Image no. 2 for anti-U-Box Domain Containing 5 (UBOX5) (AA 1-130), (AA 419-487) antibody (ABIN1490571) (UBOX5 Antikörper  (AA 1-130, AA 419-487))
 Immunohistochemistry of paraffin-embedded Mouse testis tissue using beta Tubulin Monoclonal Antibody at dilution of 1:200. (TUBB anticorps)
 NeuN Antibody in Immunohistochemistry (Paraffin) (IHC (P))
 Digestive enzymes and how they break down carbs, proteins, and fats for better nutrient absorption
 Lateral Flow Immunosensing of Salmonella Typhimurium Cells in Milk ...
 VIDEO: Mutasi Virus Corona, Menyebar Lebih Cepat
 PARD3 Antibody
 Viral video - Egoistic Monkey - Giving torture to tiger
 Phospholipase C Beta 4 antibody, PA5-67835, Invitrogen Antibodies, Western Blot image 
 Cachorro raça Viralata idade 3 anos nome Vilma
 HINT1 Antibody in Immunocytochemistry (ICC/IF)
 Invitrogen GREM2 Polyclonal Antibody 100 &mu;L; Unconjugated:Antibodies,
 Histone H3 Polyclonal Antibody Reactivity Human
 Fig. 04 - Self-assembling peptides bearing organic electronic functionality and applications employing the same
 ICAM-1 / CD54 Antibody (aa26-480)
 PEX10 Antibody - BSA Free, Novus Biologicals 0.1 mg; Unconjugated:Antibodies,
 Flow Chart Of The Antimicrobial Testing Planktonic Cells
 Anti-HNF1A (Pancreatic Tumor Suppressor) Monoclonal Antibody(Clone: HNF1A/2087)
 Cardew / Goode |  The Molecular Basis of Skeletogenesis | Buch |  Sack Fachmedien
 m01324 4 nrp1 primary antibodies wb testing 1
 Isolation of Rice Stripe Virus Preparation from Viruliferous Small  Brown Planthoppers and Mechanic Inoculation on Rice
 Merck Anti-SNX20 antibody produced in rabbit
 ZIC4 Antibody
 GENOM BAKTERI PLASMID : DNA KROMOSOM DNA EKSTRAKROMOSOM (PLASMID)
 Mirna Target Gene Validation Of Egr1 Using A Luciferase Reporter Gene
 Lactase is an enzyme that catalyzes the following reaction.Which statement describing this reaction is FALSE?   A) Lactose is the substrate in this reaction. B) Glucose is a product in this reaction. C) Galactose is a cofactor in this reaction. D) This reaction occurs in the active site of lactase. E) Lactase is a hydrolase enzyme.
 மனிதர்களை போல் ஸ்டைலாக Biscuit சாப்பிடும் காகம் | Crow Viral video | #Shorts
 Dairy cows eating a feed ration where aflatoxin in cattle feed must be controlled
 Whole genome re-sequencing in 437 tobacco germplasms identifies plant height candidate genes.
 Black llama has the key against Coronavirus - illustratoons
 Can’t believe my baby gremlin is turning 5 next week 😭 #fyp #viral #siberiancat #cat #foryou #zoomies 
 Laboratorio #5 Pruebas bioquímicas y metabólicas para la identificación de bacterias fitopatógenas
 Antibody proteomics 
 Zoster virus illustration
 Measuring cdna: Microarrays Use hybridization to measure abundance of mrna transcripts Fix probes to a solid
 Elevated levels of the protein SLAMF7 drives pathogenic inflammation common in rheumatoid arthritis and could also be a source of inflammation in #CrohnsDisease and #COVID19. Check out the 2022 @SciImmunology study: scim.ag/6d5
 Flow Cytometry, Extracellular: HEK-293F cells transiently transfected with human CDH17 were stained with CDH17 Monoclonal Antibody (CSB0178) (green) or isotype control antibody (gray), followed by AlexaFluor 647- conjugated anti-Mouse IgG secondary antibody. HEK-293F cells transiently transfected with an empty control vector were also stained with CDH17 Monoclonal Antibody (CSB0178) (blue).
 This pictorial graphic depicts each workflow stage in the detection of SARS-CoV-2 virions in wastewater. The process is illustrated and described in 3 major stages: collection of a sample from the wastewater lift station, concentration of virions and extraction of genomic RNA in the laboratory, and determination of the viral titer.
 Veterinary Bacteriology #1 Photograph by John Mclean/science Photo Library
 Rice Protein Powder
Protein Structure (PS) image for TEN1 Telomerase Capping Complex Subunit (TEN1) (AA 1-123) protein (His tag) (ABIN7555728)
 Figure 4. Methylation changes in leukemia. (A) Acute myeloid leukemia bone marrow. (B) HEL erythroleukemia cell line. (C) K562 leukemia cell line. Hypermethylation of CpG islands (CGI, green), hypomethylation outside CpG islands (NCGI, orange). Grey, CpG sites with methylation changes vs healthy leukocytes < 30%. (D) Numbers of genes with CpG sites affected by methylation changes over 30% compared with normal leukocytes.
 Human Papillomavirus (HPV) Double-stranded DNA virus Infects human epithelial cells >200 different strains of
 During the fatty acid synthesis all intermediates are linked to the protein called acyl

........

Give back exactly the lines of the listing above that run from the line with "Antibody proteomics" to the line with "Elevated levels of", inclusive.

The answer:
 Antibody proteomics 
 Zoster virus illustration
 Measuring cdna: Microarrays Use hybridization to measure abundance of mrna transcripts Fix probes to a solid
 Elevated levels of the protein SLAMF7 drives pathogenic inflammation common in rheumatoid arthritis and could also be a source of inflammation in #CrohnsDisease and #COVID19. Check out the 2022 @SciImmunology study: scim.ag/6d5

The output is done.